Listening for a change

When we started the Food Values project it was because after many years of putting on educational events of one sort or another, all designed to increase public understanding of food and farming, it felt like time to stop and question what we were doing. What were we trying to tell people? What did they want to learn? What attitudes do people bring with them to a food festival, a farm visit, a community meal? It seemed like there were some fundamental questions that hadn’t been asked.

Thus at our recent food events, which have included serving soup to the public in inner city Cardiff, sitting schoolchildren and pensioners down to lunch together in north Wales and getting students and staff at Aberystwyth to discuss responsible food sourcing and reducing food waste, we’ve been concentrating on listening to the participants, trying to find out what they really think and care about.

We have gathered plenty of material in the form of sound recordings, video clips, post-it notes, pictures and our own observations. What I hadn’t expected though is how much the task of gathering data would transform my own experience of food education. Accustomed as I am to addressing groups of schoolchildren, engaging visitors at our stands in public events, leading farm visits and so on, I am good at telling people stuff, but less good at listening. After all, if you stop talking, you will lose your audience, won’t you? And what they really want is information, isn’t it?

Once the voice recorder is placed in the middle of a group of children, it’s a sign both to them and to me that what they are going to say matters. I’m after the thoughtful quote, the couple of coherent sentences that will say it all, and for that the recipe seems to be an attentive silence. Given the right sort of listening, children will dig deep inside themselves and try to express what food is about for them: growing up big and strong, enjoying treats with their friends, making sure that banana growers earn a fair wage, caring for animals and wildlife.

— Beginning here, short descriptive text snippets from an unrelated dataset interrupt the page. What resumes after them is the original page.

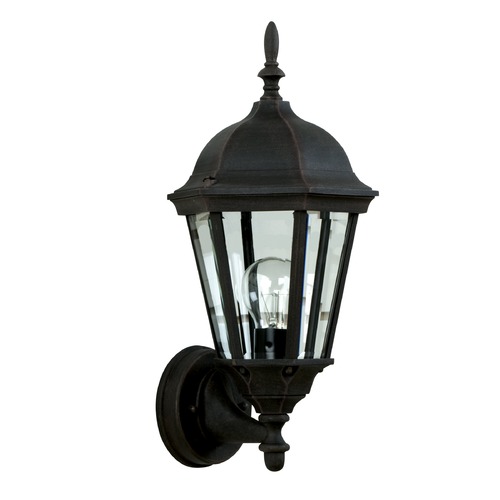 Straight Glass Matte Black Outdoor Wall Light by Craftmade Lighting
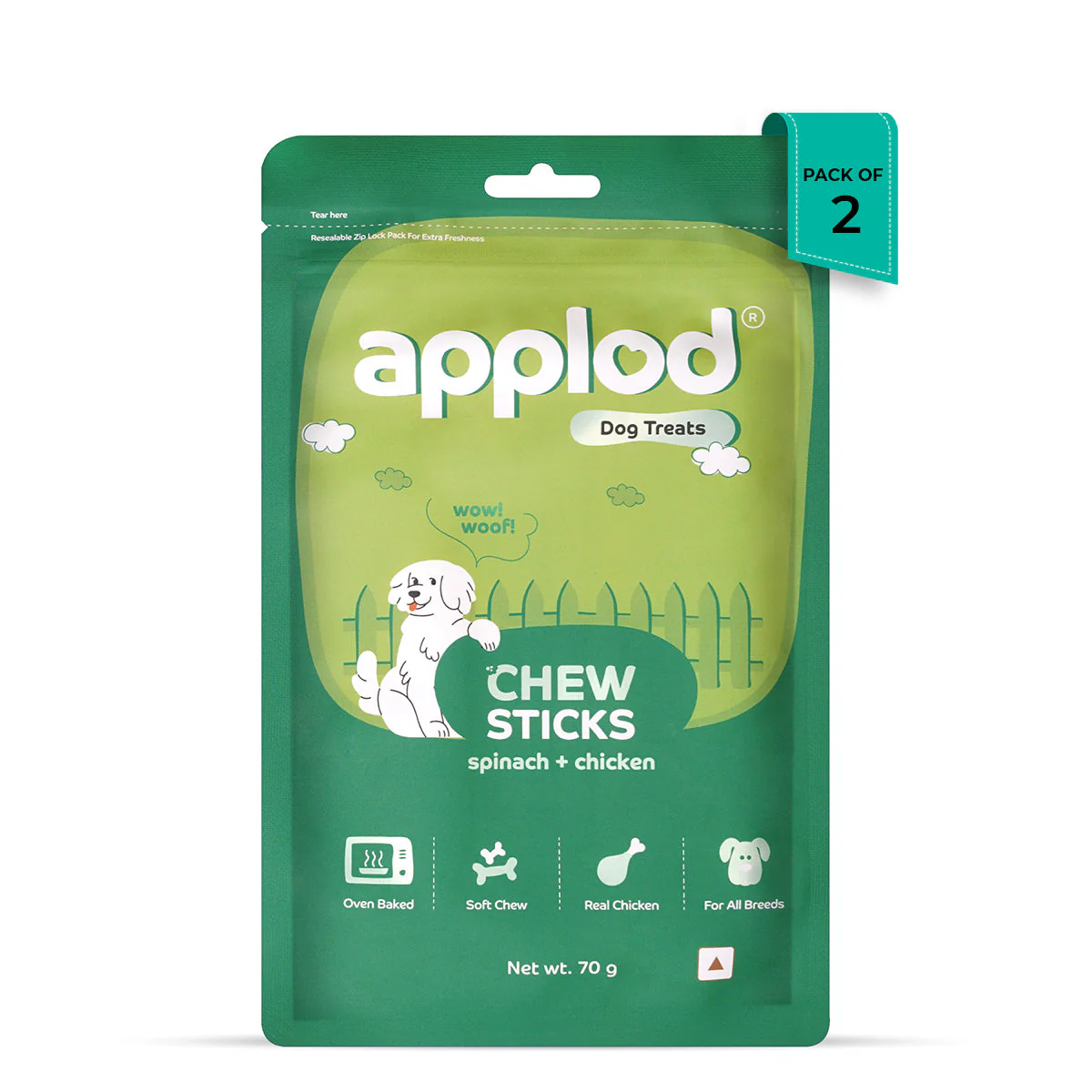Applod Soft Spinach Chew Sticks Dog Treat - 70g - Image 11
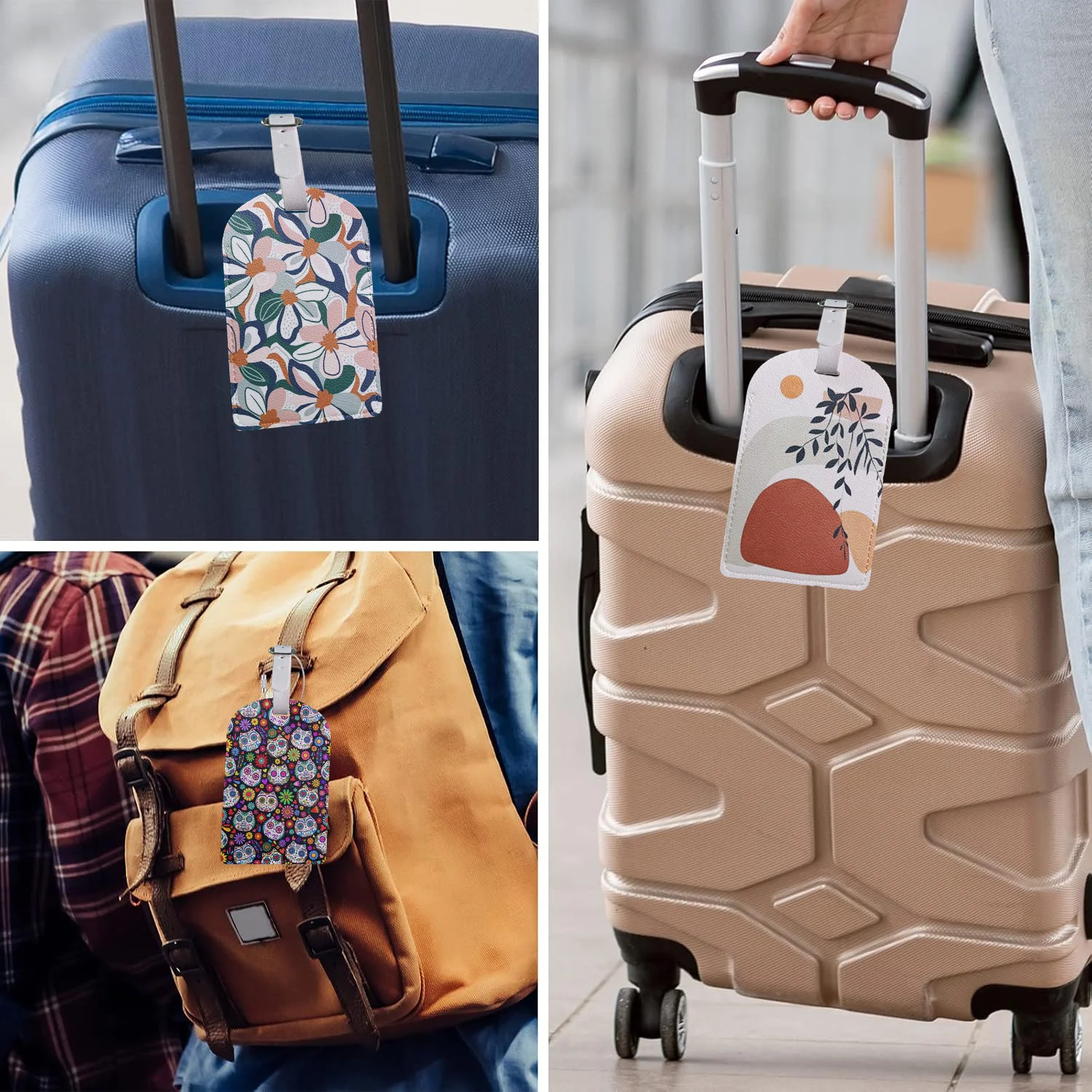 Bohemian Plants Retro Luggage Tags Personalized Suitcase Tag Airplane Travel Useful Accessories Privacy Cover Luggage Label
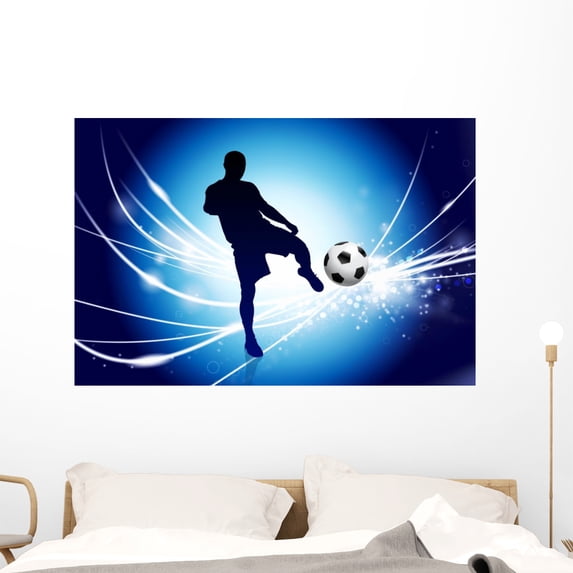 Soccer Player Abstract Modern Wall Mural by Wallmonkeys Peel and Stick Graphic (48 in W x 32 in H) WM306328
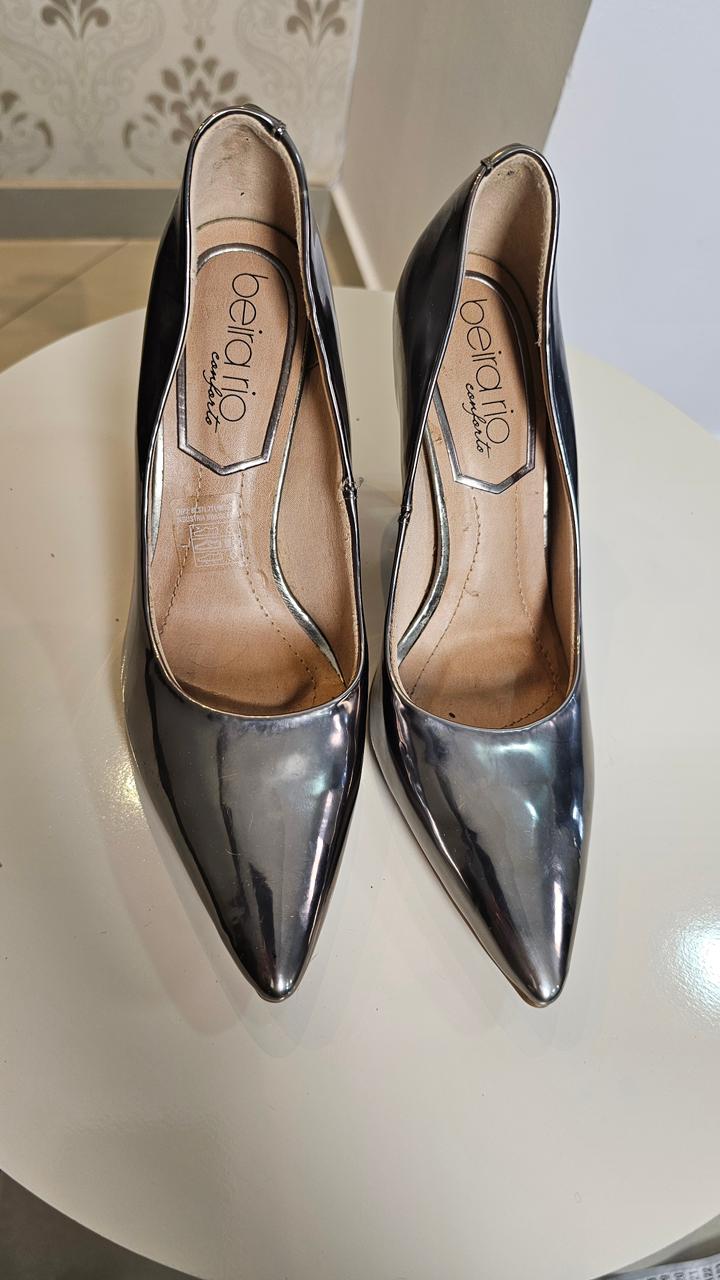 Scarpin Prateado 9cm  - Beira Rio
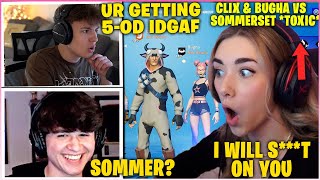 CLIX & BUGHA Vs SOMMERSET & Her NEW Duo GETS Toxic In 2v2 Zone Wars Wager! (Fortnite Funny Moments)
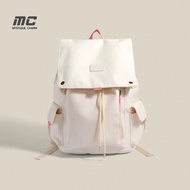 [MC]15.6-inch backpack woman school bag woman  backpack girl backpack travel Oxford backpack white b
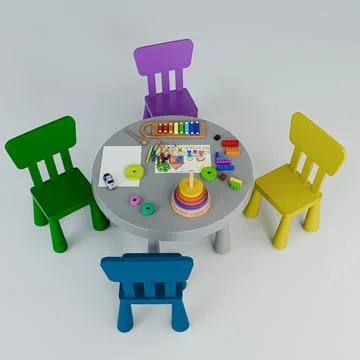 Kids round table Stock Illustration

Adults too have plenty to say. I’ve met a Sudanese woman talking about breaking the Ramadan fast with soup, a student explaining how she would like to make compost but didn’t know where to start, a retired school cook remembering the joys of catering for the masses in school and then rustling up meals for farmworkers at home, a food bank volunteer describing how she likes to get out of the house and be involved with the local community, a homeless man asking for fruit to take away.

And I’ve been surprised to find how rewarding it is. When we listen to people properly, we enter their worlds and we find out a lot about how they live and what matters to them. Food is a subject which touches many areas of life, so a food conversation can end up being about family, religion, sport, homelessness, holidays, health – just about anything.

How does this help us design transformational food education events? That is something that is still emerging from the project but it does seem that listening to people talk about what they care about makes for a better connection than telling what we want them to know.